Любой, кто далек от этого увлечения, подтвердит: гребцы – народ специфический. Главным образом потому, что они не желают говорить ни о чем, кроме гребли. Если в одной компании сходятся двое гребцов, то беседа на общие темы, такие как погода или работа, неминуемо сменяется тягомотным, бессмысленным обменом мнениями про угол атаки, ускорение, занос, захват, напряжение, расслабление, запрокидывание, прострел банки, стартовое положение, эрг и гладкую воду – была ли она в прошлый раз действительно «гладкой»? Далее, как правило, обсуждается, что пошло не так в последнем заезде, что может пойти не так в следующем и на чьей совести было/будет поражение. В какой-то момент гребцы, вытянув перед собой руки, меряются мозолями. И чтобы совсем уж вас доконать, за этим следуют сопровождаемые благоговейными кивками воспоминания об идеальном заезде, когда все шло как по маслу.

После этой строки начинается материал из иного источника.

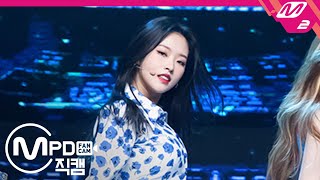 [MPD직캠] 이달의 소녀 올리비아 혜 직캠 4K ‘목소리’ (LOONA Olivia Hye FanCam) | @MCOUNTDOWN_2020.12.17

Если не считать химии, гребля была единственной страстью Кальвина. Строго говоря, именно ради гребли он и подавал документы в Гарвард: в 1945 году выступать за команду Гарварда означало выступать за лучших. Точнее, почти за лучших. Самым лучшим был Вашингтонский университет, но Вашингтонский университет территориально относится к Сиэтлу, а второе имя Сиэтла – «Город дождей». Слякоти Кальвин не терпел. По этой причине он расширил свой поиск до английского Кембриджа и тем самым развеял величайшее заблуждение насчет ученых-естествоиспытателей, которые, как принято думать, способны к научному анализу.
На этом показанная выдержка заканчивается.